Citation: Boncompte G, Villena-González M, Cosmelli D, López V (2016) Spontaneous Alpha Power Lateralization Predicts Detection Performance in an Un-Cued Signal Detection Task. PLoS ONE 11(8): e0160347. https://doi.org/10.1371/journal.pone.0160347
Editor: Wael El-Deredy, University of Manchester, UNITED KINGDOM
Received: March 4, 2016; Accepted: July 18, 2016; Published: August 9, 2016
Copyright: © 2016 Boncompte et al. This is an open access article distributed under the terms of the Creative Commons Attribution License, which permits unrestricted use, distribution, and reproduction in any medium, provided the original author and source are credited.
Funding: The present work was financially supported by the National Corporation of Science and Technology of Chile (CONICYT; http://www.conicyt.cl/, grants FONDECYT 1150241 to VL and FONDECYT 1130758 to DC). The funding source had no further role in the study design; collection, analysis or interpretation of data; the writing of the report; or the decision to submit the paper for publication.
Competing interests: The authors have declared that no competing interests exist.

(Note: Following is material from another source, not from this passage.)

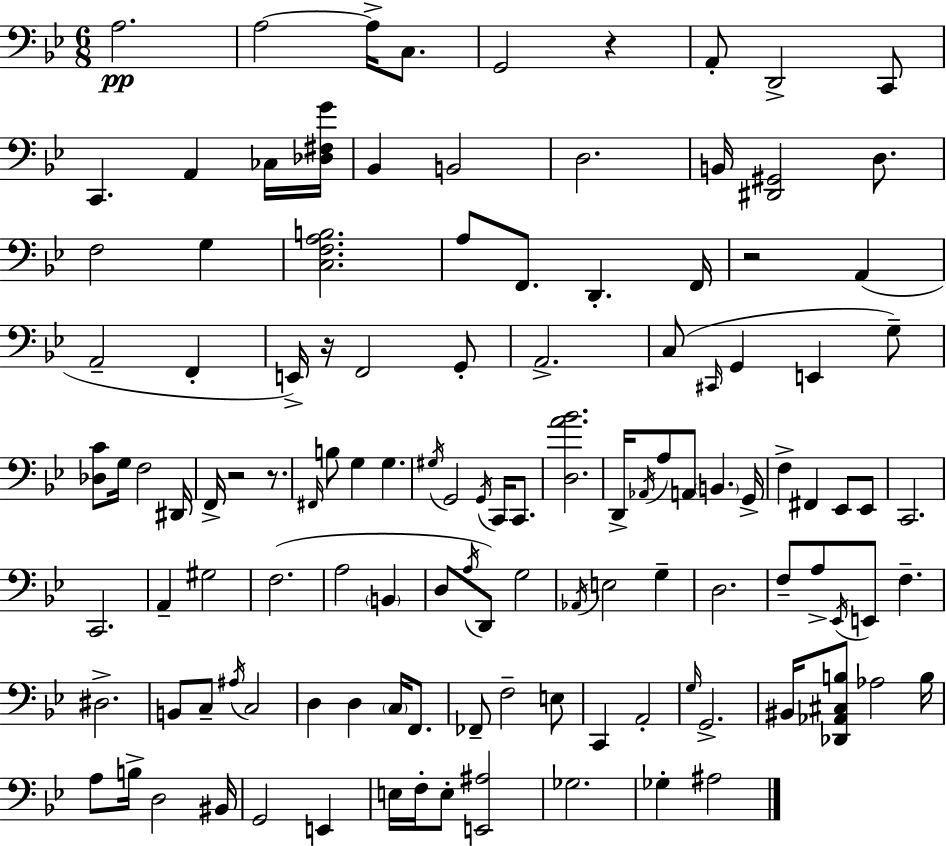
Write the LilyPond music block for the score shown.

Oscillatory brain activity is one of the most robust macroscopic neural signatures reflecting mental processes . The most prominent oscillation in human electroencephalography (EEG) is the alpha band, approximately defined between the frequencies of 8Hz and 12Hz. The cognitive role of this type of oscillatory activity has been extensively linked to attention . Specifically, alpha is proposed to reflect mechanisms of attention inhibition deployed to suppress the processing of task-irrelevant or distracting stimuli . Decreases in the activity of this band facilitate the visual processing of task-relevant stimuli whereas increases seem to actively inhibit processing of task-irrelevant elements, allowing an enhanced processing of relevant information. An important body of research supporting this role of attentional inhibition comes from experiments studying visuo-spatial attention orienting. Experimental strategies similar to Posner’s classical cueing paradigm  are normally used: a first stimulus cues about the spatial location where a subsequent target will appear. This makes subjects covertly allocate attention towards a specific side of their visual field, as shown by improved behavioral performance. This has allowed the study of the neural signatures associated with this attention process. Decreases in the amplitude of alpha over the cortical areas contralateral to the locus of attentional allocation have been reported [5,6]. Increases in alpha activity have been observed over brain regions ipsilateral to unattended spatial locations have also been reported [7–9]. Thus, alpha lateralization in response to visuospatial cuing appears as a robust signature of guided covert attentional allocation.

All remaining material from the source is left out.